▶ Work instructions
Exactly the lines from the one containing "Husa compatibila cu" through the one containing "Melina Round Neck Button Front Knit Cardigan" in the listing below are to be copied, with the pictures left out.

▶ Given data
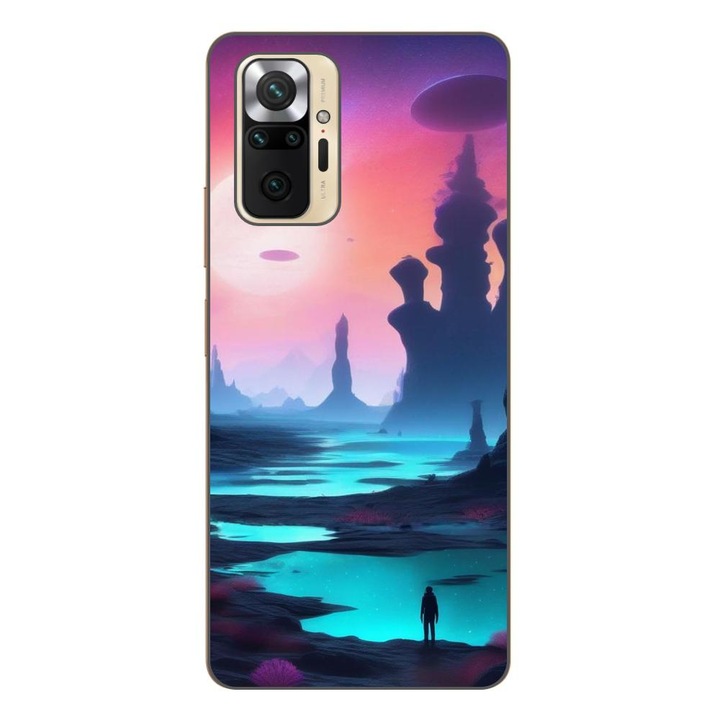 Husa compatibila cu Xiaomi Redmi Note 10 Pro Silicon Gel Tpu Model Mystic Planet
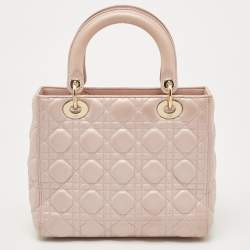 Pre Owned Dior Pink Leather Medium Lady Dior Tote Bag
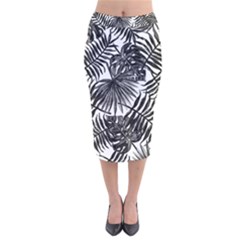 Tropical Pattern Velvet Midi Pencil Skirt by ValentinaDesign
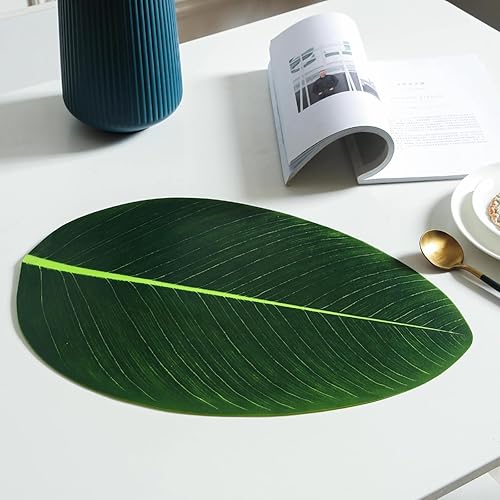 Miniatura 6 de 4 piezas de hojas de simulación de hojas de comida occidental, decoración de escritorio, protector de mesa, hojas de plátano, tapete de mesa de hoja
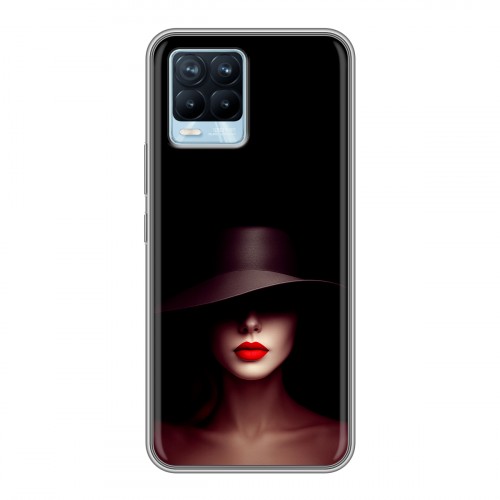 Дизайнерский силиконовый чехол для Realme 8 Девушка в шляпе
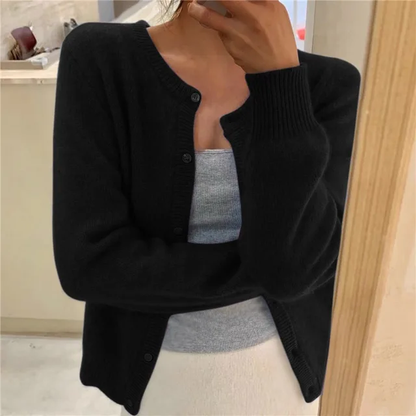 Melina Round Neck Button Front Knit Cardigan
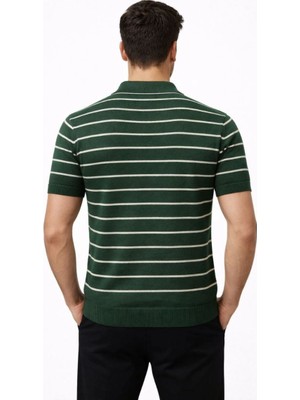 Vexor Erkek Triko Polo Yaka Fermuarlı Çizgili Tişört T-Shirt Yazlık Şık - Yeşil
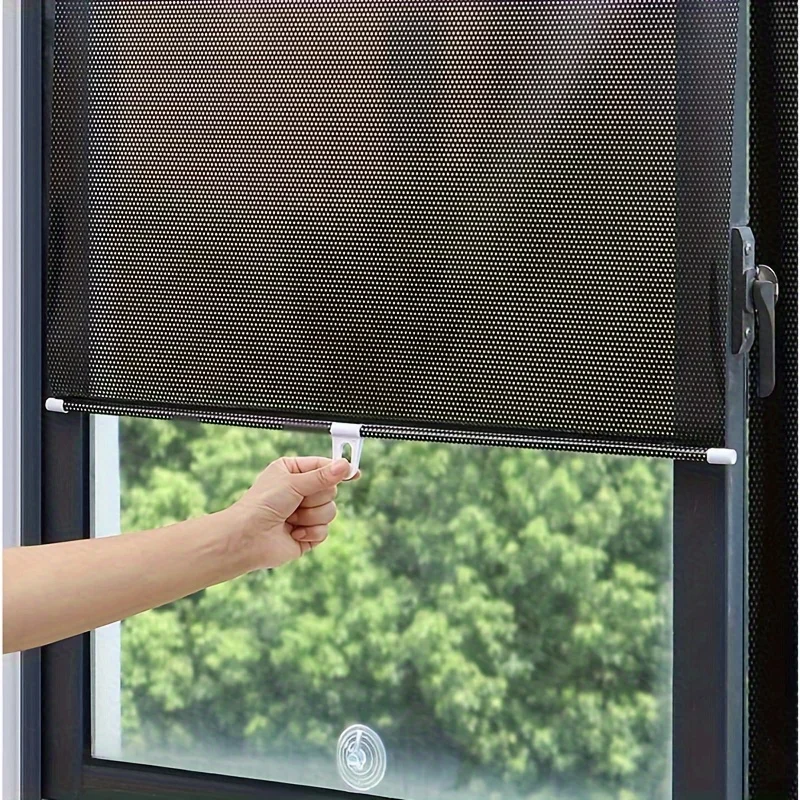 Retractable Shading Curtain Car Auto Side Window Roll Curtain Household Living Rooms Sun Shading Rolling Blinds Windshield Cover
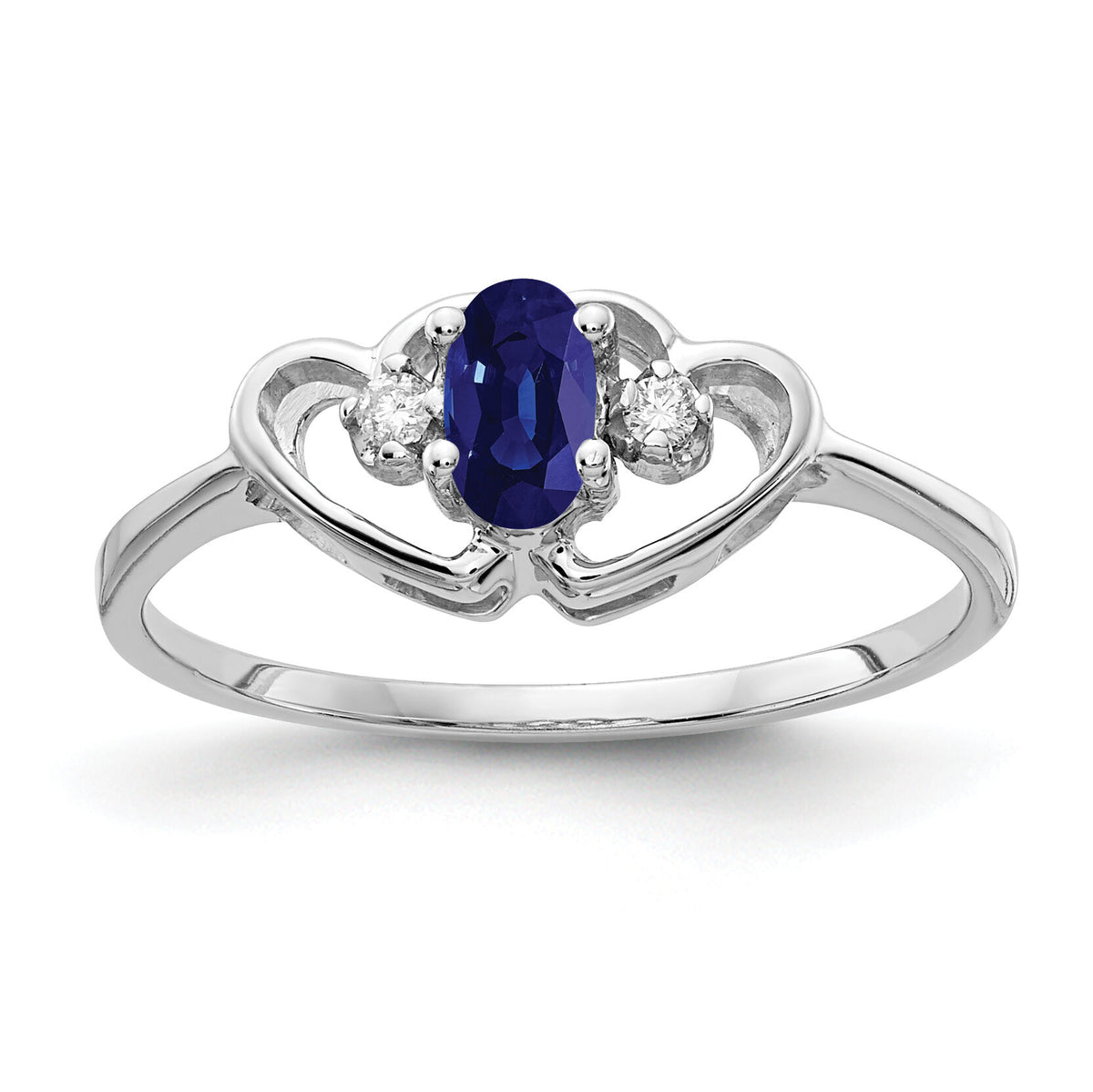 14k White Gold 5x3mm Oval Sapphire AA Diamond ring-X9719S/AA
--
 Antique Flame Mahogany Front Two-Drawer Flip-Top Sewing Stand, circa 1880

▶ Answer below
 Husa compatibila cu Xiaomi Redmi Note 10 Pro Silicon Gel Tpu Model Mystic Planet
 Pre Owned Dior Pink Leather Medium Lady Dior Tote Bag
 Tropical Pattern Velvet Midi Pencil Skirt by ValentinaDesign
 Miniatura 6 de 4 piezas de hojas de simulación de hojas de comida occidental, decoración de escritorio, protector de mesa, hojas de plátano, tapete de mesa de hoja
 Дизайнерский силиконовый чехол для Realme 8 Девушка в шляпе
 Melina Round Neck Button Front Knit Cardigan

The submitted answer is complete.